Actor Jeff Bridges has been diagnosed with lymphoma, a cancer of the lymphatic system, the actor shared in a tweet on October 19.

Bridges referred to his character in The Big Lebowski, writing, "As the Dude would say… New S**T has come to light." He went on to reveal his diagnosis, saying that although it is "a serious disease," he's grateful for his team of doctors. "The prognosis is good," he wrote. "I'm starting treatment and will keep you posted on my recovery."

He added, "I'm profoundly grateful for the love and support from my family and friends. Thank you for your prayers and well wishes."

The much-loved actor, who is currently working on The Old Man, an FX action-adventure series, took the opportunity to remind people to vote in the presidential election, noting, "we are all in this together."

What is lymphoma?

Lymphoma is cancer that starts in a specific type of white blood cells called lymphocytes. "Lymphocytes are the white blood cells that help make antibodies and are part of the normal infection-fighting machinery," Gwen Nichols, MD, chief medical officer of the Leukemia and Lymphoma Society, previously told Health. Although lymphocytes are typically found in lymph nodes, they circulate throughout the entire body.

There are two main types of lymphoma: Hodgkin's lymphoma (HL)—named after the doctor who first recognized it—and non-Hodgkin's lymphoma (NHL). It's not clear which type Bridges has.

Hodgkin's lymphoma and non-Hodgkin's lymphoma: what's the difference?

While NHL has many subtypes, HL has a particular appearance under the microscope. It contains cells called Reed-Sternberg cells, which aren't present in NHL.

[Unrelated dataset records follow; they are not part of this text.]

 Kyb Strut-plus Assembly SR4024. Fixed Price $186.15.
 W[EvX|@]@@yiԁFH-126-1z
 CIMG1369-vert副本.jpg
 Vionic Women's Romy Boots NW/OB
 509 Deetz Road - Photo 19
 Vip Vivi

Hodgkin's lymphoma is typically considered to be more treatable, with more than 90% of patients surviving more than five years after their initial diagnosis. NHL survival rates are usually lower, but Dr. Nichols pointed out that rates are "extremely variable" due to the large number of different subtypes and responses to therapy.

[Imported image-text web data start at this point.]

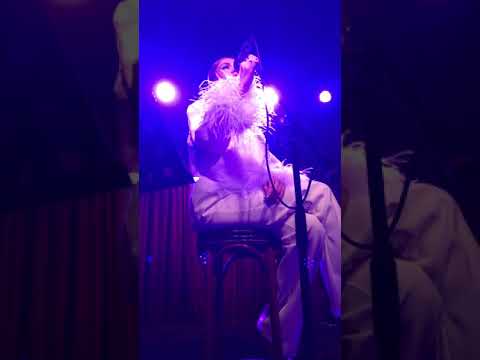 Видео: Моя Мишель - Танечка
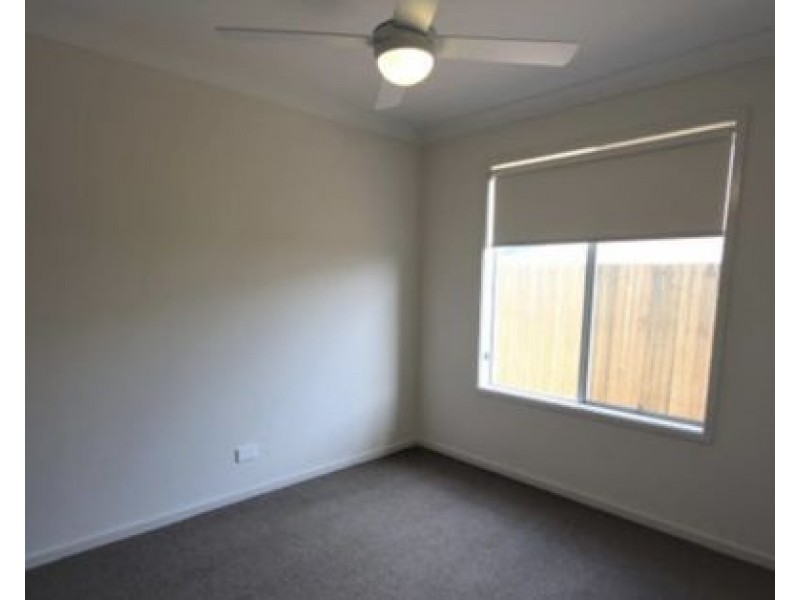 28 Norton Sands Drive, Redbank Plains QLD 4301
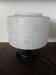 1 vintage table lamp, 4 in stock.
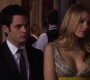 216GossipGirl0723.jpg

According to the American Cancer Society (ACS), more than 77,000 people will be diagnosed with NHL this year, and nearly 20,000 will die from it. NHL accounts for about 4% of all cancers in the US. By comparison, HL is much less common, affecting only 8,000 people per year.

The risk of developing NHL increases with age, and more than half of patients are 65 or older at the time of diagnosis, per the ACS. But HL follows a different pattern, explained Dr. Nichols. Typically, there are two peaks: one in late childhood through early adulthood and one in late middle age.

What are the symptoms of lymphoma?

Common symptoms of both types of lymphoma include swollen lymph nodes (presenting as a lump in the neck, under the arm, or in the groin), fatigue, fever, unexplained weight loss, and night sweats, Per the ACS. Less common signs of lymphoma are skin rashes or unexplained pain in the abdomen, chest, and bones. Depending on the type of lymphoma and where it is in the body, some people might not experience any symptoms until it grows quite large.

How is this type of cancer treated?

It's important for doctors to identify the exact type of lymphoma, because treatment varies.

If you have symptoms of lymphoma, your doctor will carry out a physical exam, checking for swollen lymph nodes. They'll probably take blood and urine tests too, and maybe order imaging tests like X-rays, MRIs, or PET scans. A biopsy of a lymph node or bone marrow test helps to get a clearer picture of what's going on in the tissue and cells.

When the stage of lymphoma is determined, the best course of therapy can be decided. If the cancer is an aggressive form of NHL, options might include chemotherapy, immunotherapy, radiation therapy, and bone marrow transplant. But if the lymphoma is a slow-growing type, it can be monitored by your health care team without needing immediate treatment.